Saturday, May 11, 2019

Miracles Are All Around Us!



First readingActs 9:31-42 ©
The churches grew and were filled with the consolation of the Holy Spirit
The churches throughout Judaea, Galilee, and Samaria were now left in peace, building themselves up, living in the fear of the Lord, and filled with the consolation of the Holy Spirit.
  Peter visited one place after another and eventually came to the saints living down in Lydda. There he found a man called Aeneas, a paralytic who had been bedridden for eight years. Peter said to him, ‘Aeneas, Jesus Christ cures you: get up and fold up your sleeping mat.’ Aeneas got up immediately; everybody who lived in Lydda and Sharon saw him, and they were all converted to the Lord.
  At Jaffa, there was a woman disciple called Tabitha, or Dorcas in Greek, who never tired of doing good or giving in charity. But the time came when she got ill and died, and they washed her and laid her out in a room upstairs. Lydda is not far from Jaffa, so when the disciples heard that Peter was there, they sent two men with an urgent message for him, ‘Come and visit us as soon as possible.’
  Peter went back with them straight away, and on his arrival they took him to the upstairs room, where all the widows stood around him in tears, showing him tunics and other clothes Dorcas had made when she was with them. Peter sent them all out of the room and knelt down and prayed. Then he turned to the dead woman and said, ‘Tabitha, stand up.’ She opened her eyes, looked at Peter and sat up. Peter helped her to her feet, then he called in the saints and widows and showed them she was alive. The whole of Jaffa heard about it and many believed in the Lord.

Whenever there is an abundance of something we tend to take it for granted.  For example, we want to go somewhere in our car.  We get in and see that the gas gauge shows almost empty so we go to the gas station and fill up with gas.  We don't think about it, we just go and get it.  Go back a few years now to when the Arabs were angry because the U.S. was supporting Israel and they slowed down the amount of oil that they were sending us which meant that we could not make as much gasoline and that caused lines at the gas pumps.  We realized at that moment that we were being held hostage by OPEC.  Gasoline was now rationed.  Depending on your license number you could buy gasoline on even or odd numbered days.  On Sunday, all stations, nationwide, were closed. On the days you could drive you were mandated to save gasoline on the highway, we were limited to 55 miles per hour maximum.  This limit, which was pretty much ignored, was supposed to save gasoline.  So, you see that an abundance led to indifference and a shortage led to concern and conservation. 

Every day we can, if we look, see miracles around us. The issue is not the lack of miracles which requires much study and interpretation to see one but rather recognizing them as abundant and as gifts from our Father in heaven.  The very fact that you are drawing breath and able to see things around you is a miracle.  Life itself in all of its forms is a miracle.  The food we eat, the water we drink all came from the hand of God to sustain us. 

Our ancestors understood that their world was filled with miracles and they watched for them and thanked God for them daily.  A miracle is usually described as something that happened that did not have an explanation in nature.  Do you realize that using this definition we can consider electricity a miracle?  Sure, we know how to generate it, to distribute it, and to use it but scientists have never been able to define just what it is.  Electricity is, therefore, a miracle.  That would mean that everything that we use electric for is a miracle too!  Our smartphone could not exist without the humble electron so perhaps the smartphone is a miracle too.  

I hope you see my point.
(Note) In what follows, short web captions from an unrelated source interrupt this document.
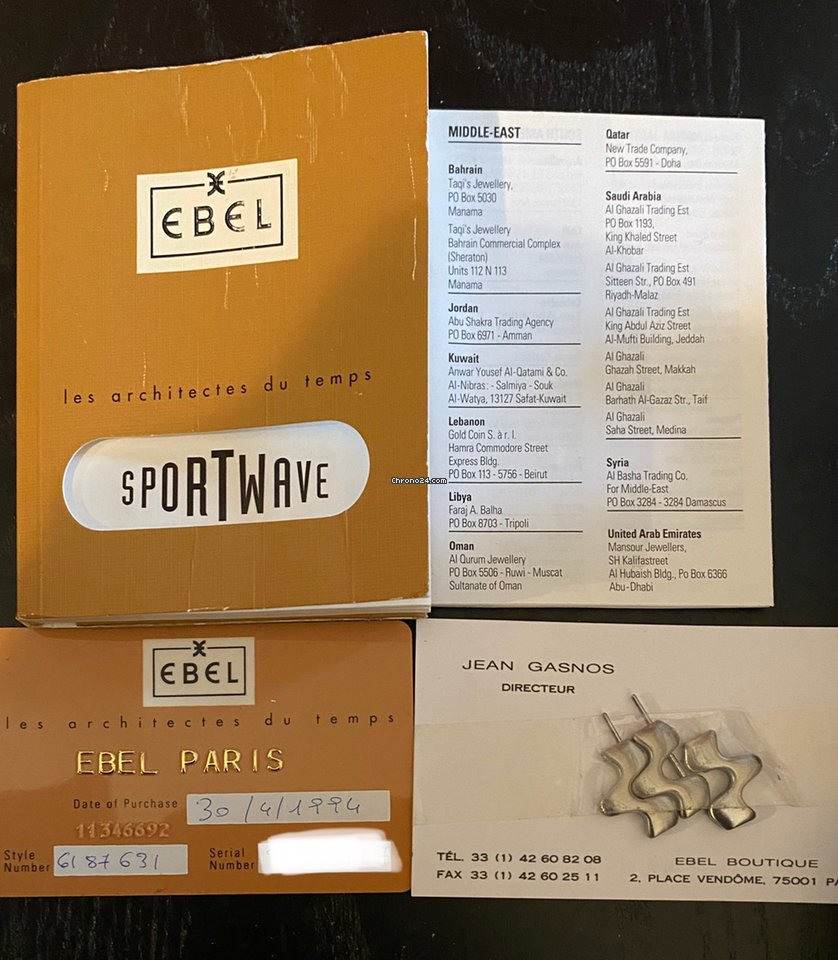 Ebel Sportwave Mens watch Unisex Quartz Gold Steel E 6187631 6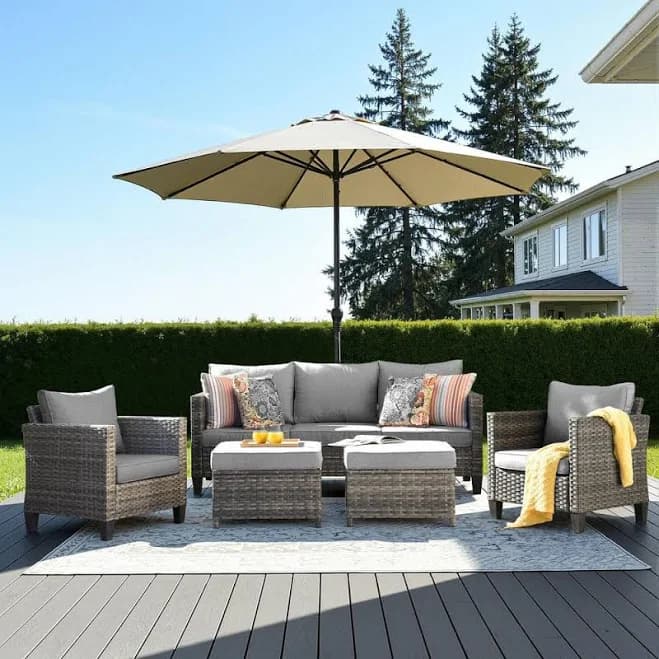 Ovios New Vultros 5-Piece Outdoor Patio Conversation Seating Set with Black Cushions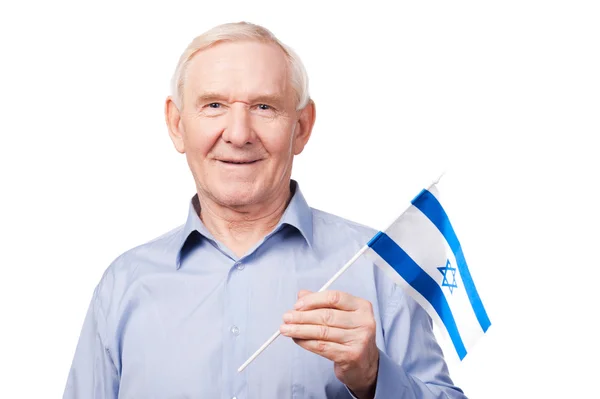 Hombre mayor con bandera de Israel —  Fotos de Stock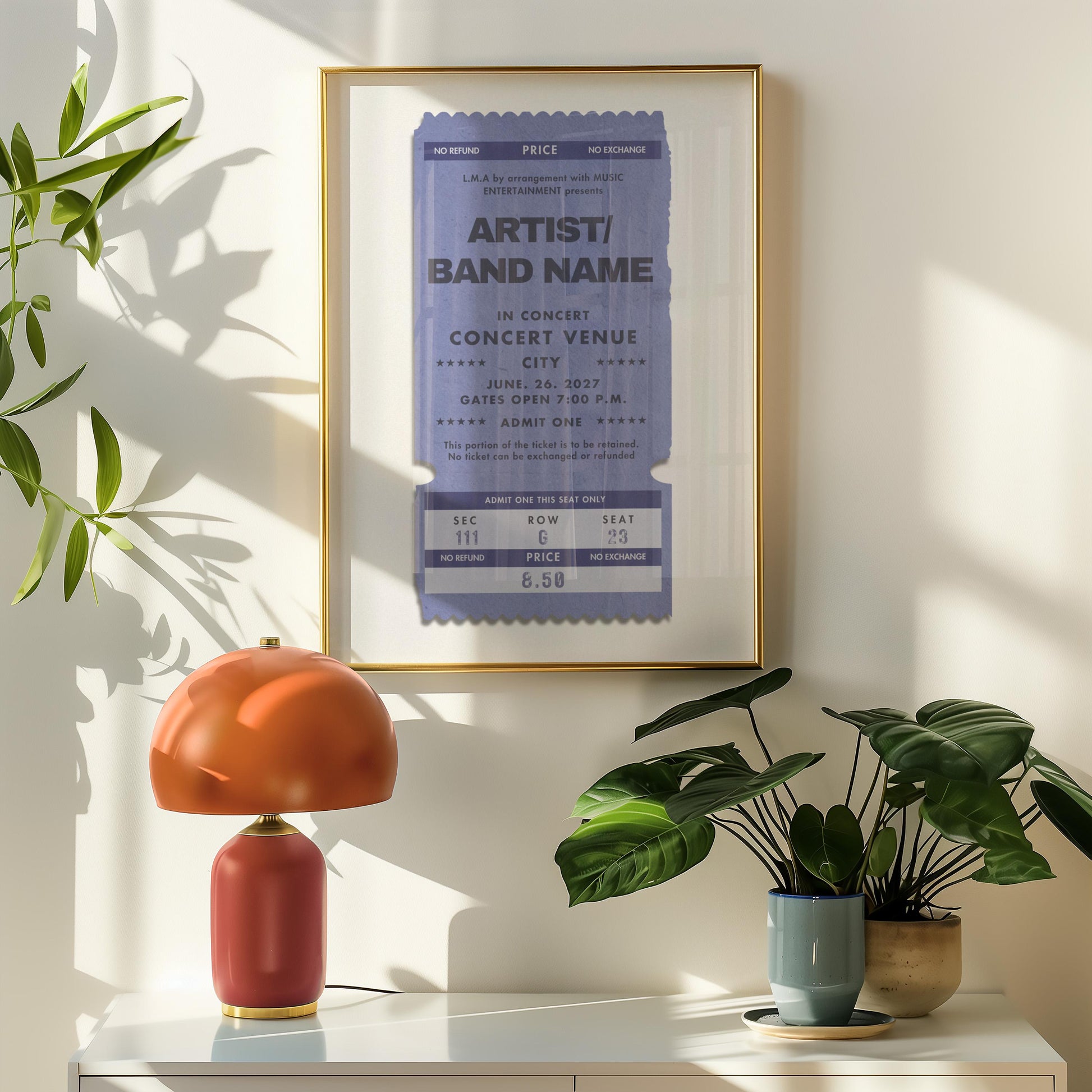 A large blue poster is hung above a cabinet near a plant showing worn edge and old faded ticket stubs inspired by old event keepsakes.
God has provided us with a wonderful world, full of miracles to help us live our lives in a better and more comfortable fashion.  It follows that when we take advantage of the miracles we find in the world that we should use them not only to enrich our lives but we should make it point to be a miracle for those in less fortunate circumstances than we are. 
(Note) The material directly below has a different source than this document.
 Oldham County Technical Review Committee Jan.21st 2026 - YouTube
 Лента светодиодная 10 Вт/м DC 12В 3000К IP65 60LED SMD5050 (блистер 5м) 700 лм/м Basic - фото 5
You and I are walking miracles.  Inside of us is a soul that will never ever die.  We, humans, have the capacity to feel the joys and sorrows of other people.  We can empathize, which means we can share in the feelings of others.  When we do this we can reach into our resources and be of help to others.  Other occupants of this planet such as animal life normally cannot do this.
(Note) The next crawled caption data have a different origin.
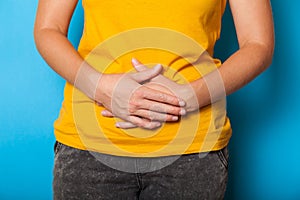 Abdominal pain, endometriosis. Women menstruation concept photo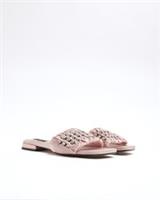 River Island Womens Flat Sandals Pink Embellished Ruched Open Toe Summer Shoes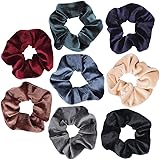 XYGK 8 Pezzi di fasce per capelli, Bande elastiche in velluto, colorate per coda di cavallo, Accessori, per donna & ragazza.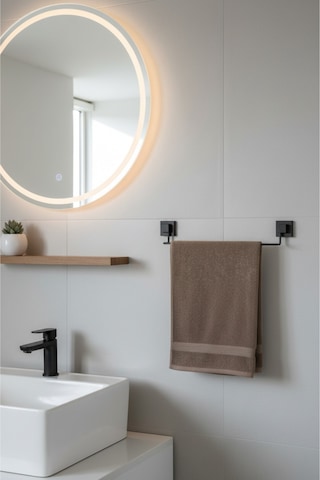 Tekno Tel Ef-260 Siyah Uzun Havluluk Yapışkanlı/vidalı Deliksiz Metal Banyo Havlu Barı Siyah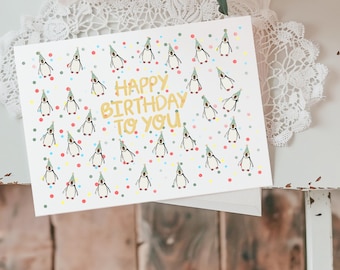 Party Penguins Birthday Card - Animal Friend Card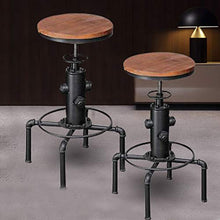 Wangkangyi 2 sgabelli da bar, design industriale, altezza regolabile, stile vintage, 34 x 34 x 60-80 cm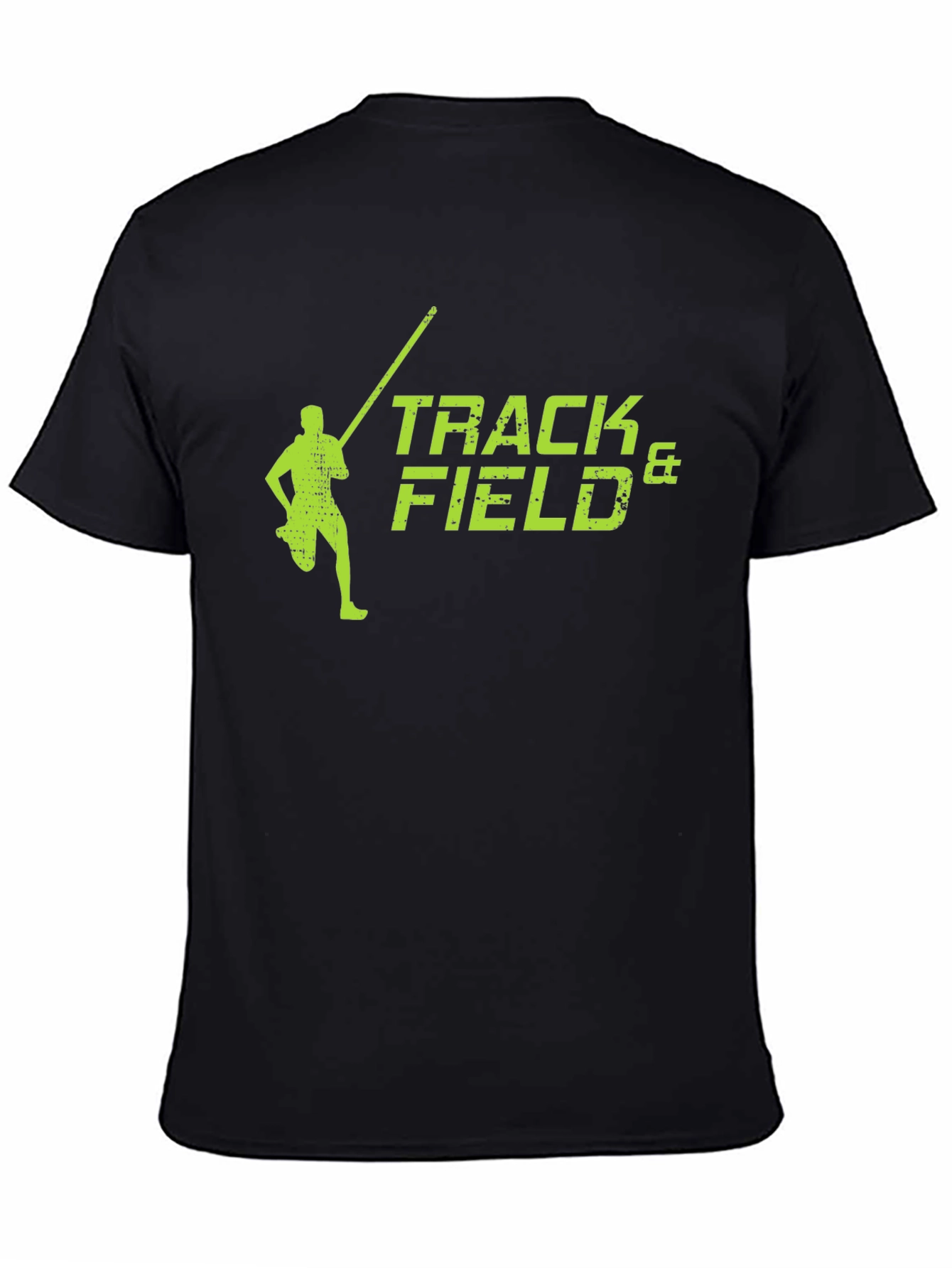 Track & Field Black T-Shirt Pole Vault Design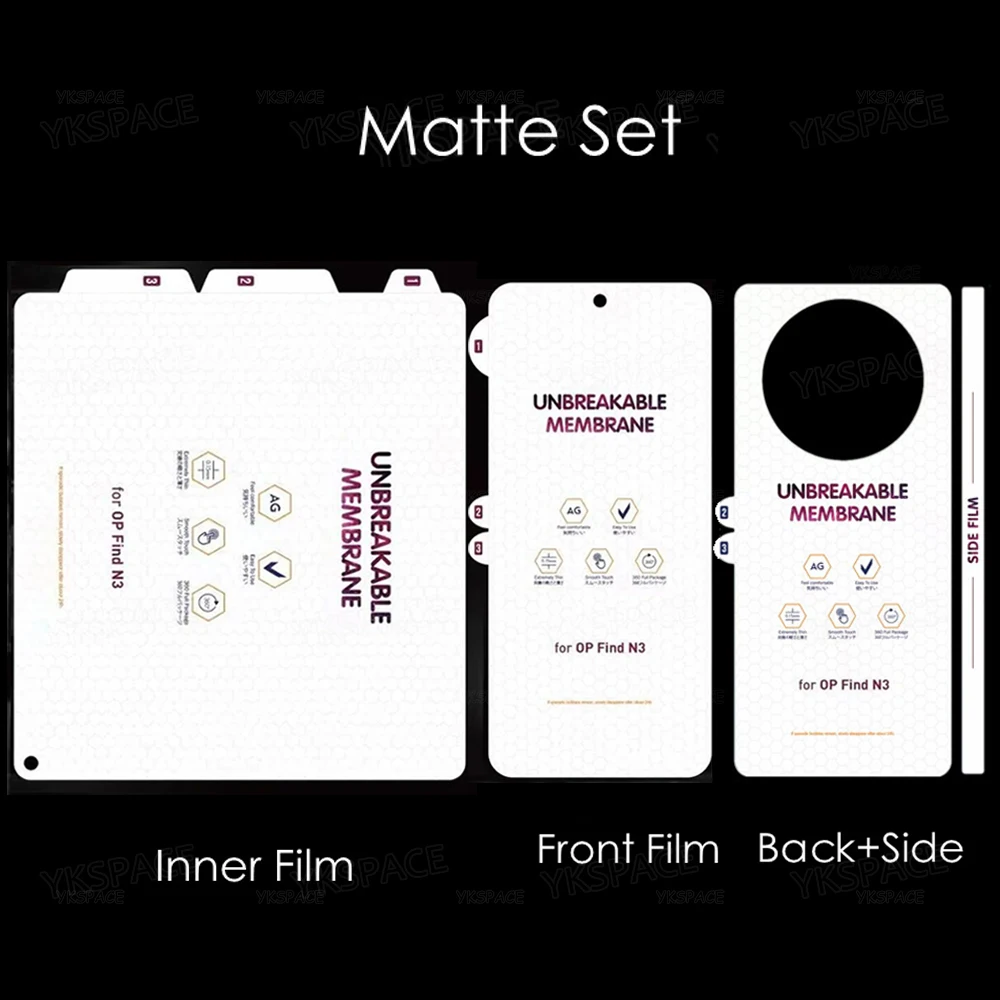 Inner Front Back Side Frosted Matte Hydrogel Film For OPPO Find N 2 3 5 6 N2 N3 N5 N6 Clear HD Transparant Soft Screen Protector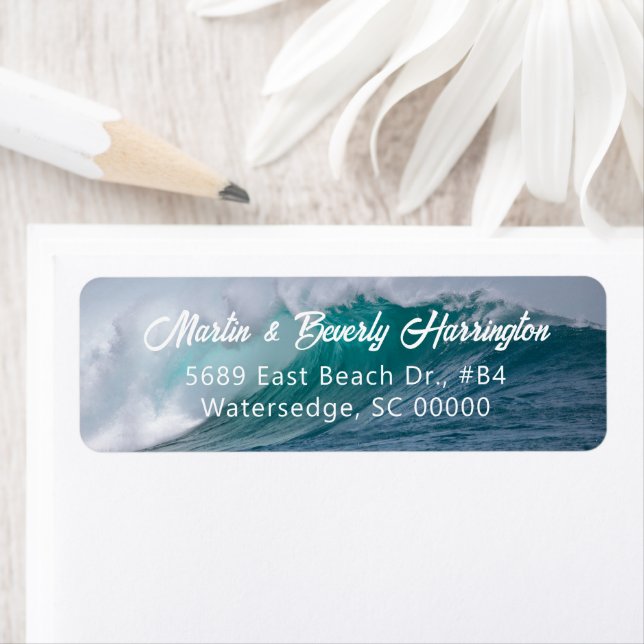 Crashing Waves Ocean Return Address Labels (Insitu)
So today, think of yourself as a miracle, as the beloved of God the Father who has been so very generous to you in so many ways.  Before you eat or drink, think and thank God for what you are about to do, it is a miracle.  Before you start your labor for the day, think and thank God for you are about to do is a miracle.  And today resolve that you, an ambulating, talking miracle will not keep the joy of God's love to yourself.  Distribute miracles as you walk through life, it is why you are here!